Durchlauchtigster Marggraf,
Gnädigster Fürst und Herr
Euer Hochfürstl. Durchlaucht Unterthänigst-treugehorsamßter Diener Johann Gottfried Rötter

Schon zwei Tage später, am 1. August erhielt der Pfarrer ein Schreiben der Brandenburgischen Hofrath-Canzley, in dem er aufgefordert wurde, innerhalb von drei Tagen seine Gründe anzugeben, warum er ohne Erlaubnis „… die Predigt und die nachmittägliche Kirchweyh eigenmächtig einzustellen sich unternommen habe“.
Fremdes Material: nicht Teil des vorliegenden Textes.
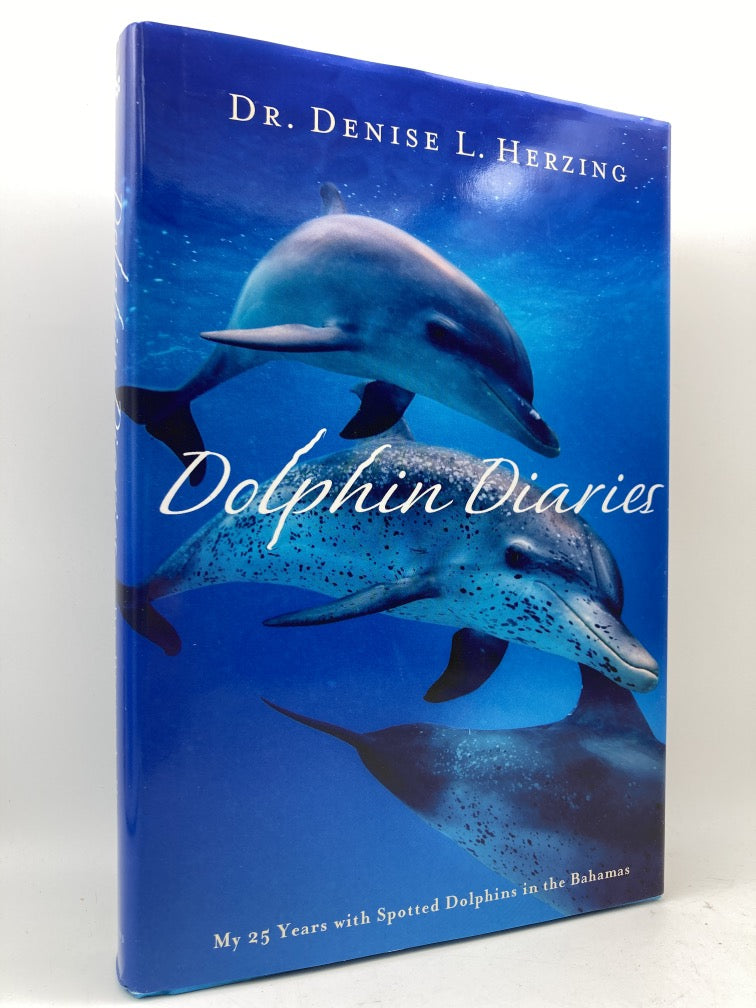 Dolphin Diaries: My 25 Years with Spotted Dolphins in the Bahamas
Um es kurz zu machen: Es blieb bei der alten Regelung und, um auch die Gründe des Pfarrers zu würdigen und ihn nicht bloßzustellen, wurde das Richteramt angewiesen „alle ärgerliche Üppigkeiten (am Laurenzitag) abzustellen.“

Wie lange es bei diesem Brauch blieb, ließ sich nicht ermitteln. Irgendwann, wahrscheinlich erst zur Zeit als das Fürstentum Ansbach vom König von Preußen regiert wurde, also nach 1791, kam es dann doch zur Aufhebung des Feiertages am 10. August. Bis heute wird daher der Feiertag, verbunden mit der Kirchweih, am nächstfolgenden Sonntag des eigentlichen Patroziniumstages begangen.

Anmerkung:*
Der im Schreiben des Richters genannte „Tanz auf dem Plan“ war wie der „Kirchweihschutz“ eine Demonstration der Obrigkeit.
Den Kirchweihschutz übernahm die Herrschaft, die die Hochgerichtsbarkeit am Ort hatte, also hier in Roßtal der markgräfliche Richter. Er hatte an diesem Tag das Recht, zur Erhaltung des „Kirchweihfriedens“, auch in die Befugnisse der anderen Grundherren am Ort einzugreifen. Dieses übergreifende Recht endigte am Kirchweihabend. Eine strenge Strafe hatten die zu erwarten, die den Kirchweihfrieden brachen. Die Kirchweih begann mit einem Tanz auf dem „Plan“ – es könnte der Platz vor dem Schloß gewesen sein – durch die Obrigkeit. Erst nach dem Ende dieses Tanzes und dem öffentlichen Ausruf des „Kirchweihfriedens“ durch eine Amtsperson, konnte dann das öffentliche Tanzvergnügen beginnen.
Die geplante Maßnahme des Pfarrers war demnach ein unerlaubter Eingriff in die Rechte des markgräflichen Vertreters am Ort.

Quellen:

* Adolf Rohn: Heimatbuch von Roßtal 1928, S. 20
* Archiv der Evang.-Luth. Pfarrei St. Laurentius, Akte Nr. 270
* Nach Kramer: Geschichtliche Nachrichten zur mittelfränkischen Kirchweih, Bay. Jahrbuch für Volkskunde, 1959


Quelle:
Alfred Steinheimer, St.-Laurentius-Kirche zu Roßtal – Geschichte und Geschichten um die Pfarrei, Roßtal 2001, S. 65 ff.